- RECORDS FOR THE EXERCISE:
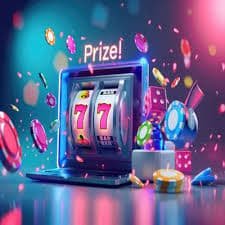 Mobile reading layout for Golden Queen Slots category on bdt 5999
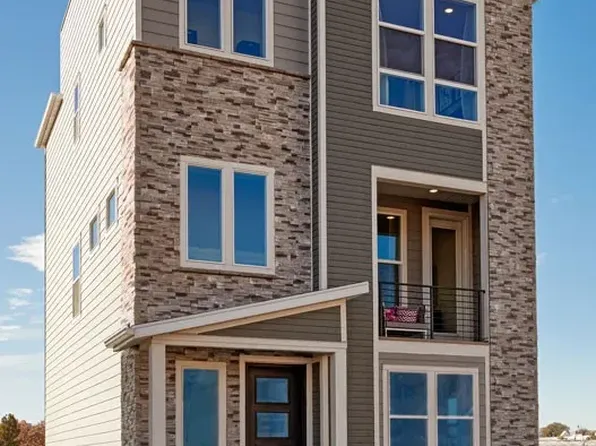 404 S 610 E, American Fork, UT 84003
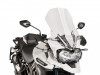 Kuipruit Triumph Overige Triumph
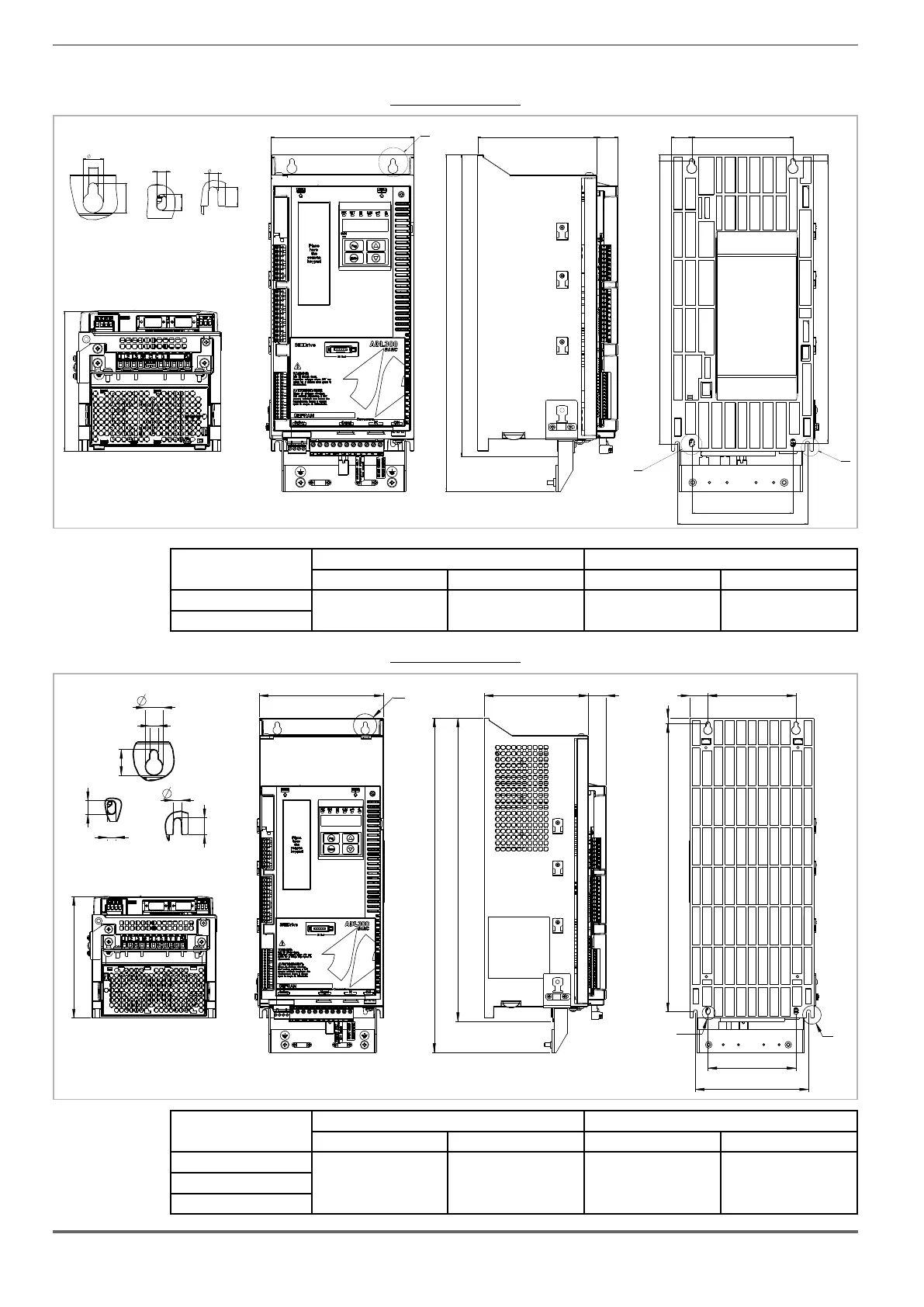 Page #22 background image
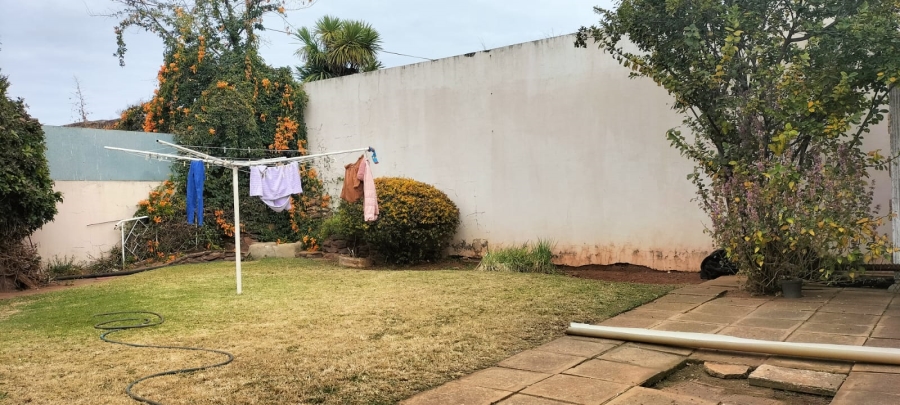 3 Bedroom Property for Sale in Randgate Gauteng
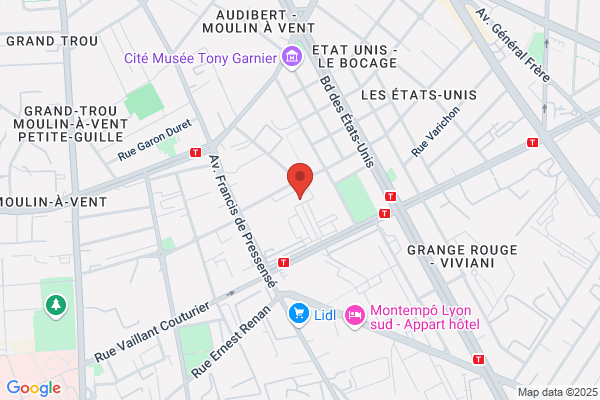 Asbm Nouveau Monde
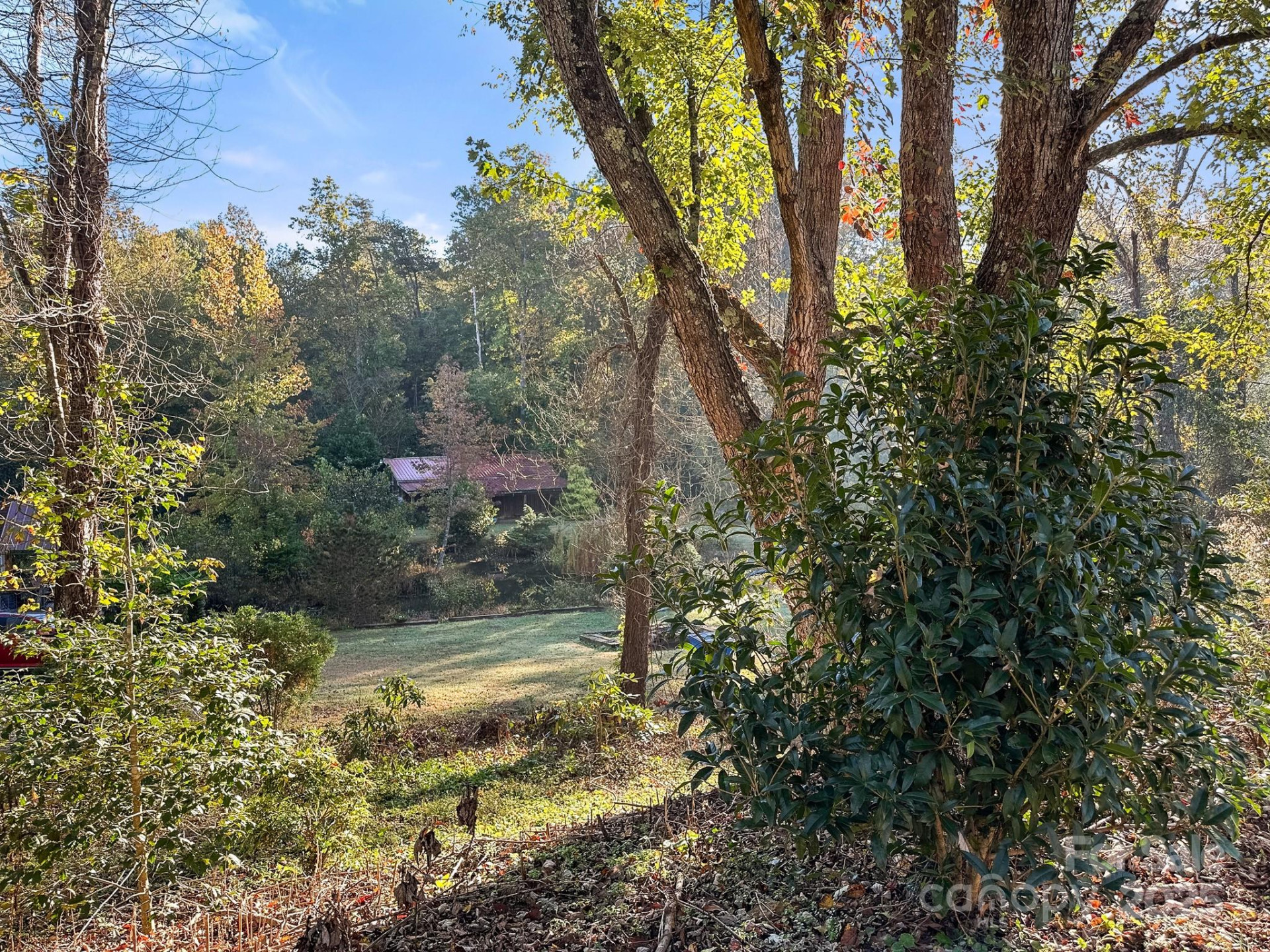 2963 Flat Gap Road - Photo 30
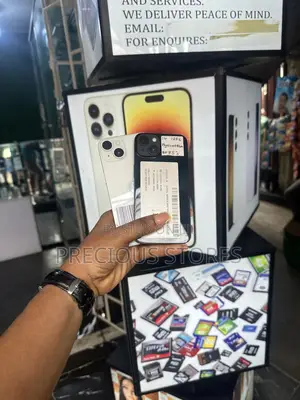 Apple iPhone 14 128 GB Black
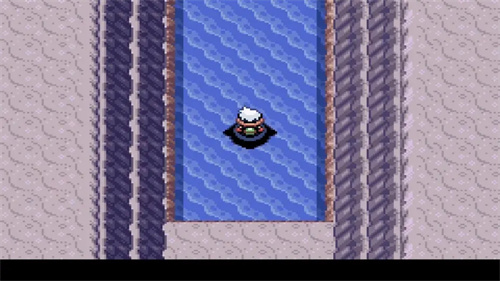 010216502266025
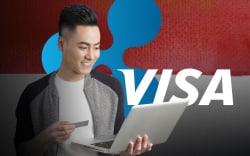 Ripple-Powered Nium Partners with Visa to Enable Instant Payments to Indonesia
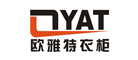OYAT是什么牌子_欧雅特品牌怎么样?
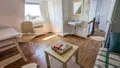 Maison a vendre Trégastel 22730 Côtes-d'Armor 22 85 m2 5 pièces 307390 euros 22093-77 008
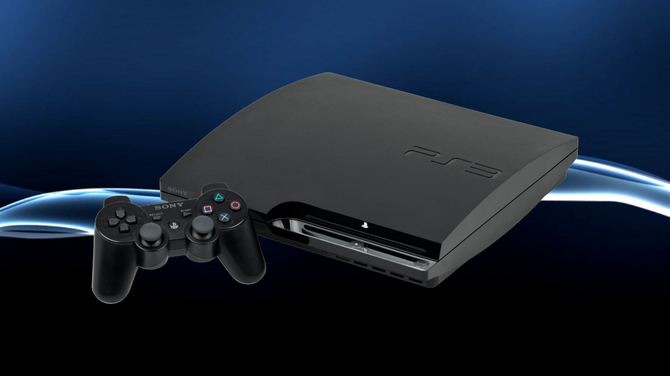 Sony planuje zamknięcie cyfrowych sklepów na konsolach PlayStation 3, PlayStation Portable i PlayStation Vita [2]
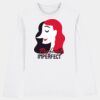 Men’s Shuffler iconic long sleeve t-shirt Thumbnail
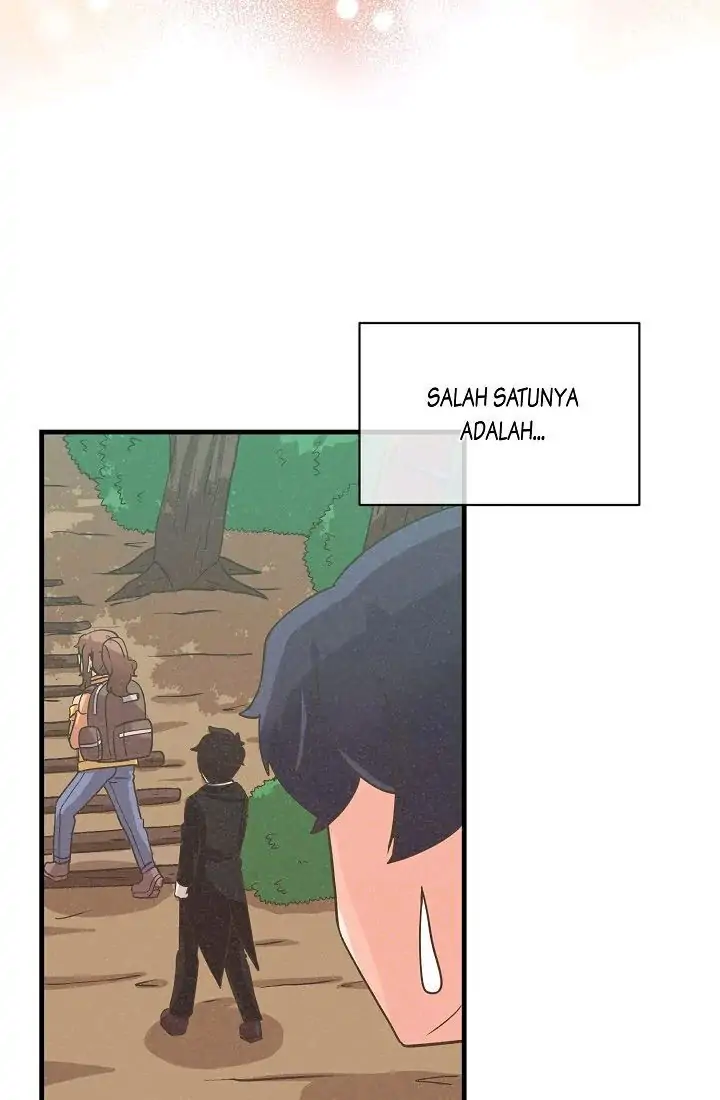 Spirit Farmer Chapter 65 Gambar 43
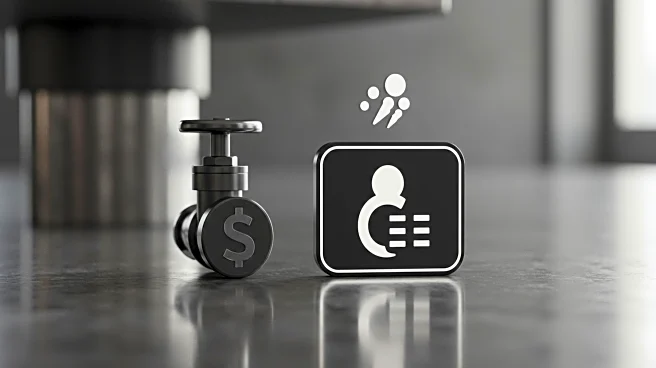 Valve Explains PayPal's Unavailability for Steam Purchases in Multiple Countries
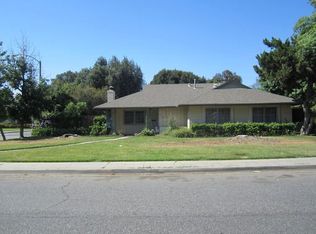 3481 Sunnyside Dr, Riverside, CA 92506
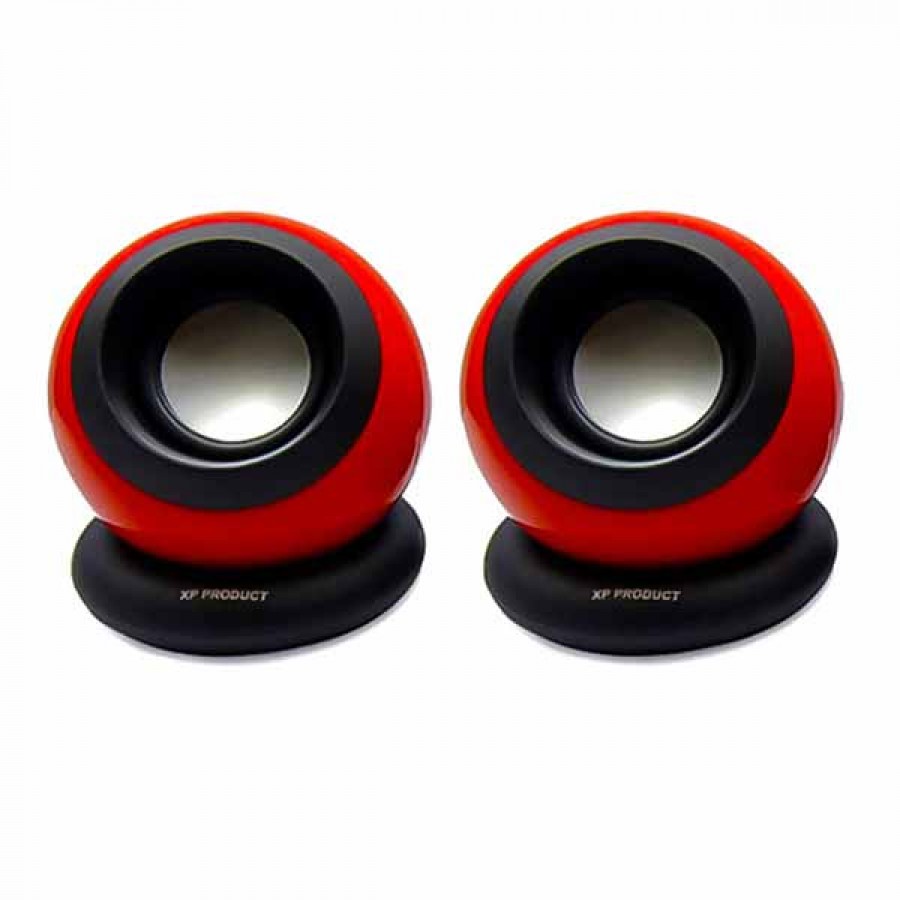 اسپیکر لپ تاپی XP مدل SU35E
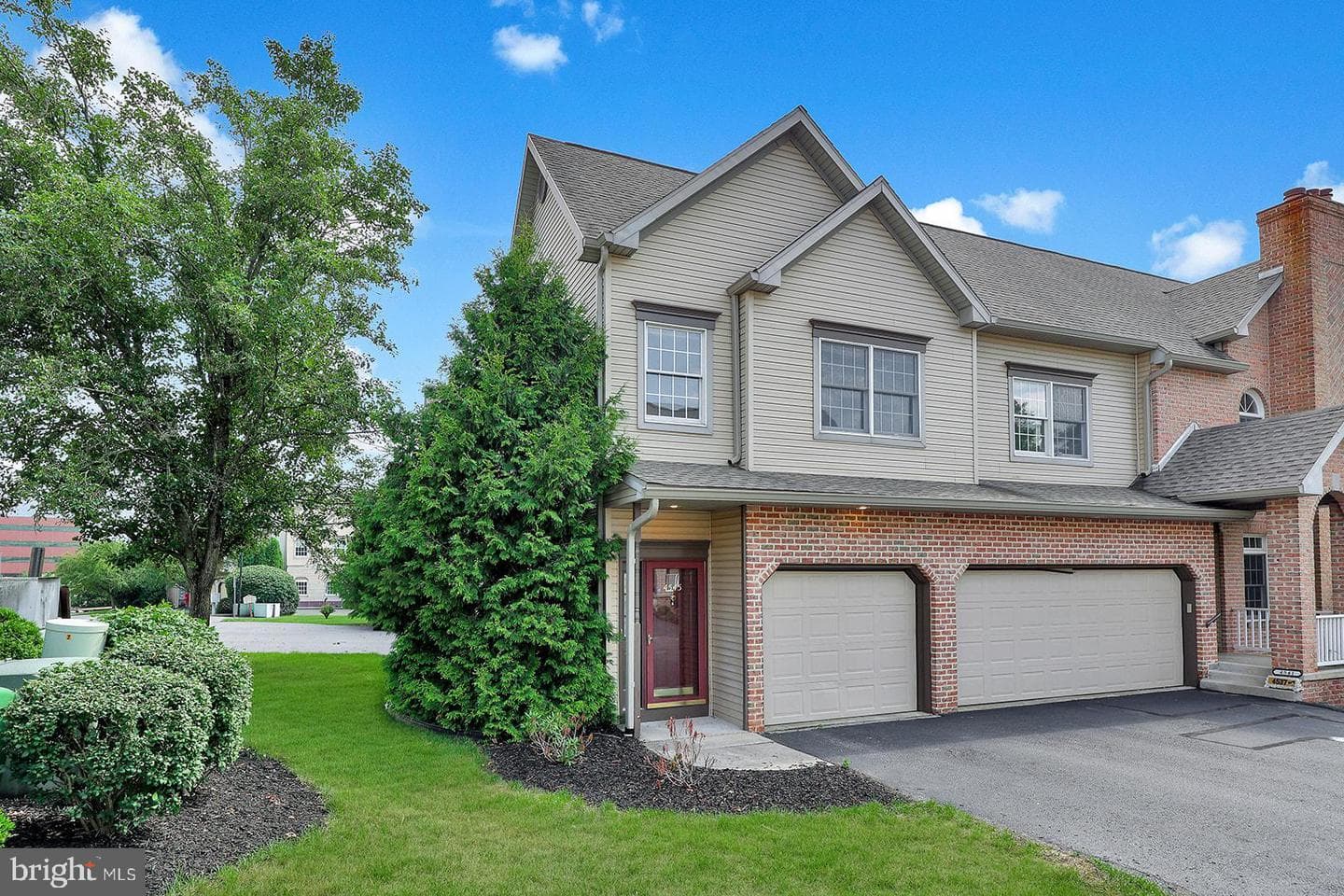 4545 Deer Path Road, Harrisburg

- TASK GOAL: Restate word for word the lines from the one containing "اسپیکر لپ تاپی XP مدل SU35E" through the end of the material above, both included, and nothing besides; drop the pictures.

- RESPONSE BOX:
 اسپیکر لپ تاپی XP مدل SU35E
 4545 Deer Path Road, Harrisburg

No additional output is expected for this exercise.